Your recommendations would be appreciated.
Thanks.
Jeff


----------



## loganj01 (Feb 4, 2011)

Sorry to say that I don't have much experience with Echo. I've heard varying opinions about their equipment...some good...some not so good. If you decide to look at some other brands, I can unequivocally recommend Dolmar and I'd think the 5100 would probably be perfect for what you're looking for. JMHO.


----------



## TMFARM 2009 (Feb 4, 2011)

i use a cs450p my self its my favorite...its light and does a good job. the cs 550 or 600p is a good choice as well, but more $$$. it all depends on how much ya got to get going...a cs400 will work good for a while but you will want to upgrade after a while.i use only the 370's with 14" bar's for limbing now and the cs450p 20"bar for felling and bucking,if you cut lots of bigger wood go bigger but if most is 12 - 20" diameter then 450p should fit the bill fine.


----------



## sunfish (Feb 4, 2011)

Husqvarna 346xp.

Or at least a pro saw from any of the other saw companies.


----------



## jimbojango (Feb 4, 2011)

go to stihlusa.com and find a stihl dealer in denton. Get a MS362 Stihl w/ an 18 and 25 inch bar. You don't really want to use the 25 inch much, but she WILL pull it and in 24" wood it'll be nice if you don't push it. Don't waste time on an echo.. husky's are alright, just never ran one myself.


----------



## Turkeyslayer (Feb 5, 2011)

Jonsered 2165/Husky 365, great firewood saws!!


----------



## kmcinms (Feb 5, 2011)

*50cc minimum*

Go with the, CS-450, CS-530 or the CS-600P. From your description, I'd say you want at least 50cc. The 600 is stepping up into the 60cc Pro saw category. Good luck and have fun with the business.


----------



## TreePointer (Feb 5, 2011)

That Stihl MS362 will do well if you only want to buy one saw. IMO, you need a minimum ~60cc class saw to competently run 3/8 pitch chain on a 20" bar. The older MS361 is also a very good saw. Husqvarna will soon be releasing their latest 60cc saw in the 560XP, which is also supposed to be a top performer

There are many great 50cc saws, but they pretty much do better running .325 pitch chain on 16-18" bars. 

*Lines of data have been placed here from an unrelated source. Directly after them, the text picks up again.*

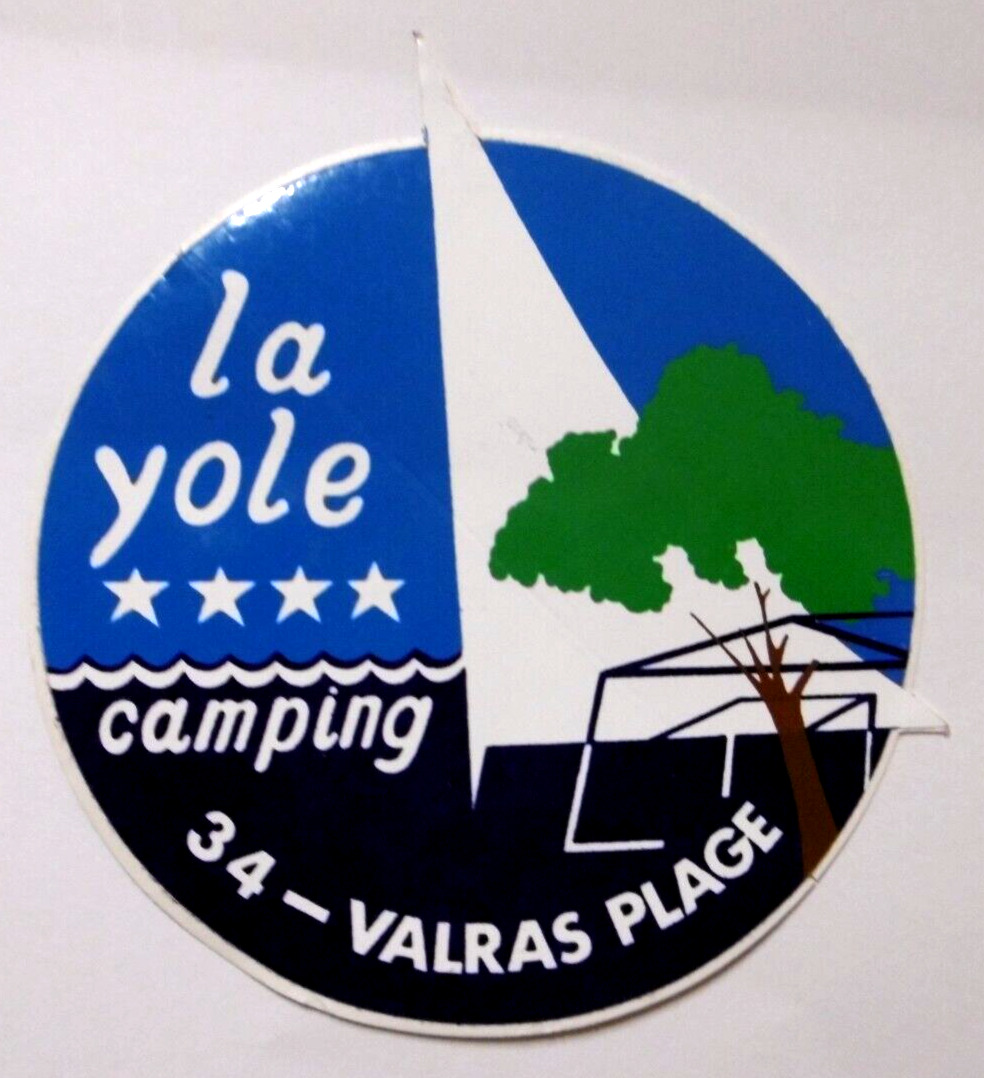 Souvenir-Aufkleber La Yole Camping Marvilla Parks Valras Plague France 80er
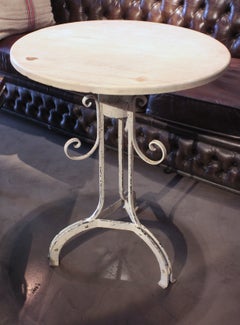 Vintage Spanish Art Deco Iron and Marble Gueridon Table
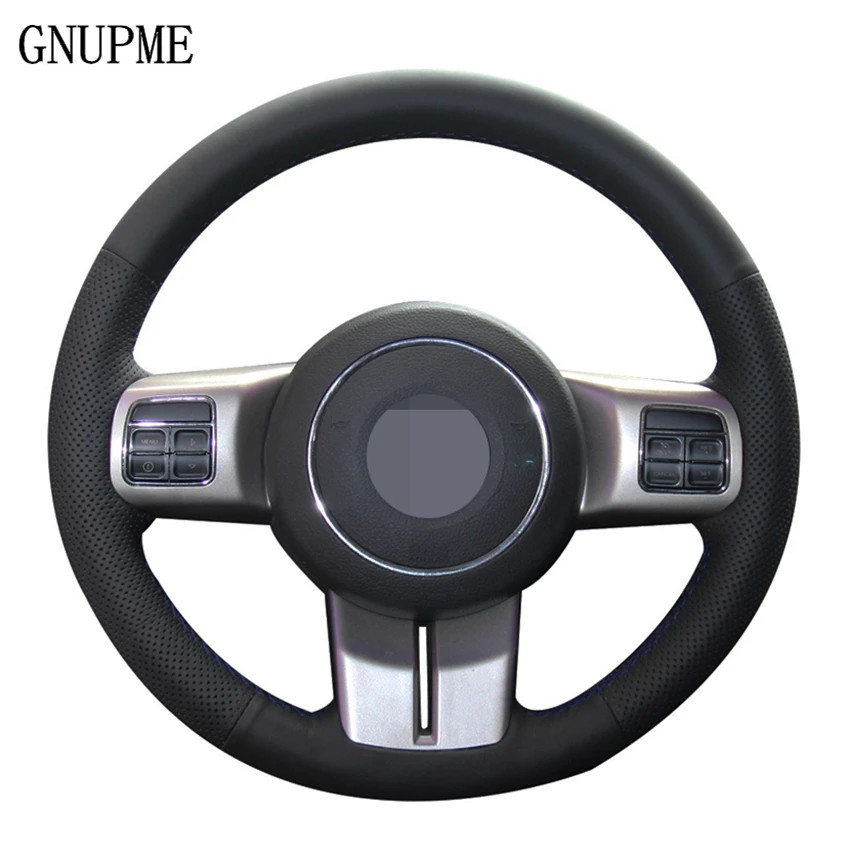 

Handsewing Black Artificial Leather Car Steering Wheel Covers Wrap for Jeep Grand Cherokee 2011-2013 Compass Wrangler Patriot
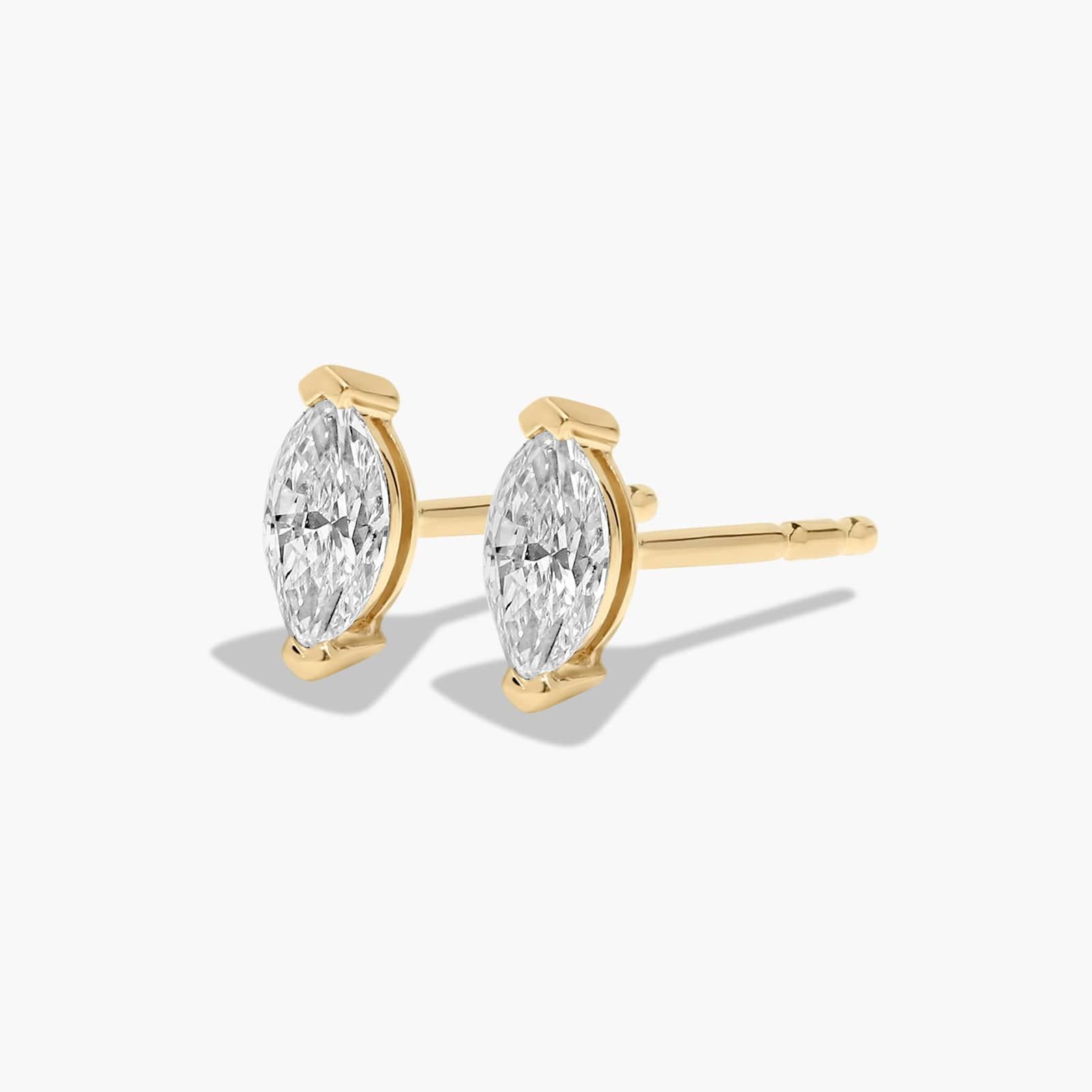 Marquise Cut 0.25 CTW Diamond Stud Earrings In 14K Yellow Gold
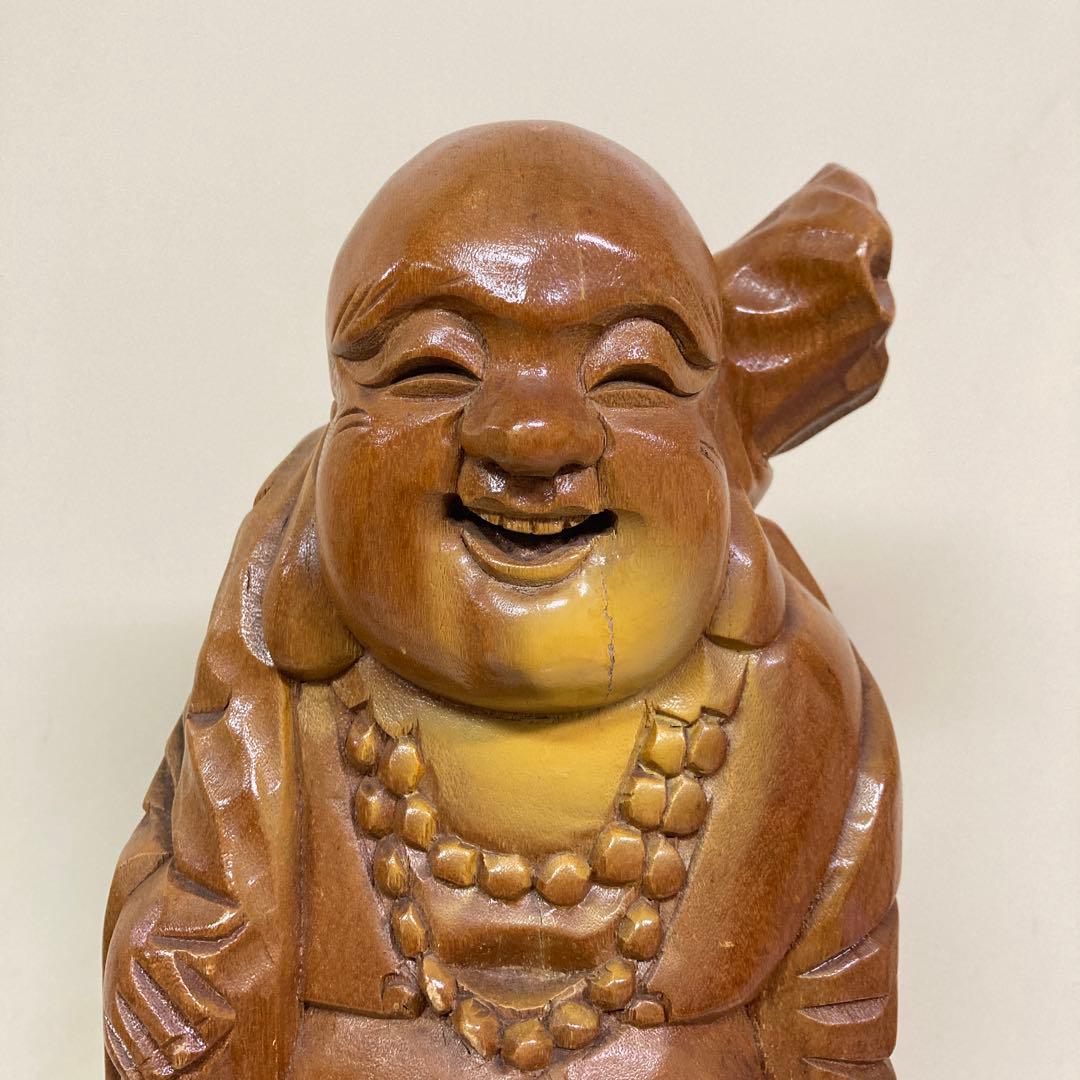 E-4 布袋様 七福神 仏像 木彫り 木製 置物 縁起物 #開運 金運 招福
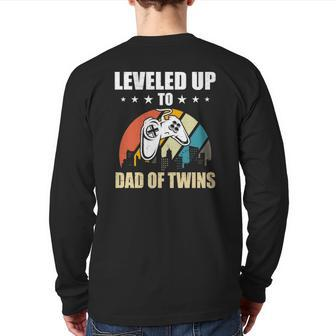 Leveled Up To Dad Of Twins Video Gamer Gaming Back Print Long Sleeve T-shirt | Mazezy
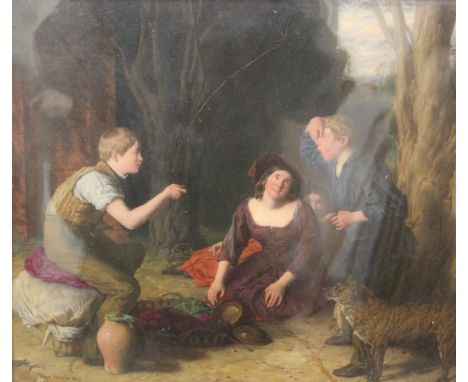 Manner of Thomas Webster (1800-1886)Children playing with grapesOil on porcelainSigned 38cm x 44cm (af)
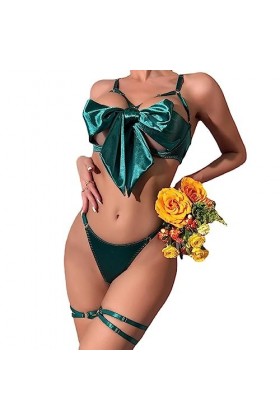 Plus Grande tailleLingerie érotique Poitrine Ouverte Poitrine Sexy Satin avec Boucles de Jambe Trois pièces, Vert, M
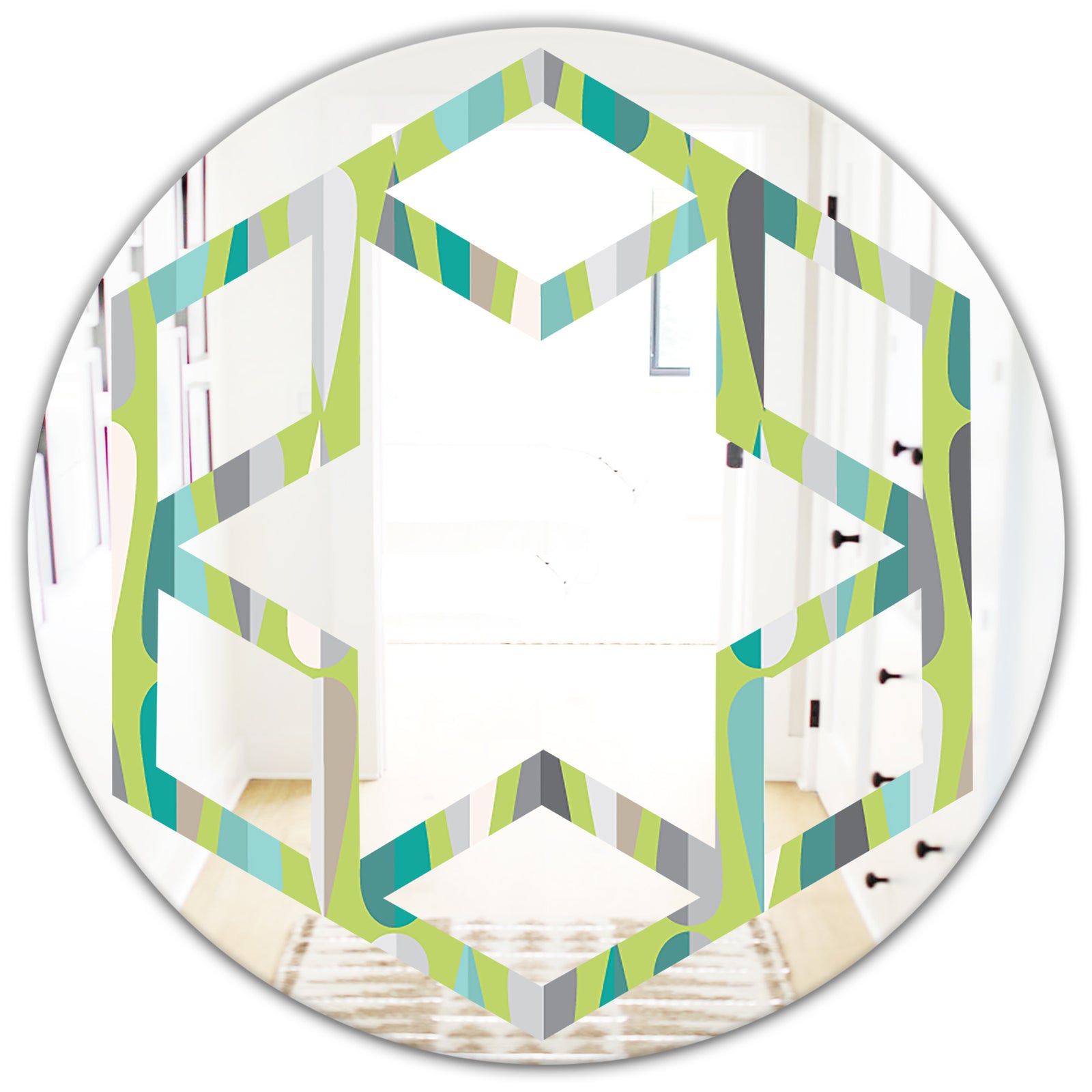 Retro Abstract Drops VI - Modern Round or Oval Wall Mirror - Hexagon Star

Many firewood producers end up with a two saw plan. A good 50cc saw (limbing and smaller bucking) and a good 70+cc saw (larger bucking, noodling, felling, stumping). If you're going to be in the business, you might consider starting with one of those and then purchase the other when you eventually realize you need it.


----------



## redprospector (Feb 5, 2011)

Mowingman said:


> Maybe this should be in the chainsaw section, but it is a question specific to the firewood business.
> Here is the deal. An elderly friend of mine just retired from 40 years of selling firewood here in town. I bought his flatbed truck and big tandem dual trailer he used to haul in, and deliver firewood with. He tossed in for free his detailed customer list, a list of his firewood cutters/suppliers, and has offered to let me have his business phone number also.
> So, I guess I might be in the firewood business. Have already owned and retired from a landscape/lawncare business, and currently grind tree stumps. I know a lot about the different brands of saws and small equipment.
> I no longer even own a chainsaw, but need to get one. Since i will get 90% of my wood already cut and split, I do not need a really big saw.
> ...


 
Jeff,
I don't know how many cords your planning on cutting a year, but remember, time is money. Especially in the firewood business. I'd be looking at a minimum of a 70cc saw if it were me. Several years ago I ran an Echo about that size (I don't remember the numbers on it), the saw pulled good and the owner didn't have any problems with it that I know of. On small logs you might be a little overkill, but in the 20 to 24" stuff you wouldn't be just grinding through it. 
I was in Denton about a year ago helping my sister & brother in law take down some trees. The difference between his 50 something cc saw and my saw was big. Could make the difference between making a profit and wanting out of the business.
In another life............I lived up the road from you in Pilot Point, but don't tell anyone.

Andy


----------



## boilerwood (Feb 5, 2011)

MY CS520 with a 20" bar works good for me, been a very reliable saw.


----------



## Ambull (Feb 5, 2011)

I would highly recommend two saws. Saws get pinched in the log, saws break down, won't start, etc. Having just one saw to me is not a good idea. Get one larger, say 50-90 cc, and one 40 or so cc. If you can, get them with the same pitch sprocket, so that they can both take the same bar and chain if possible, just in case you need to swap. The smaller one will be better for limbing, and the larger one will be better for bucking.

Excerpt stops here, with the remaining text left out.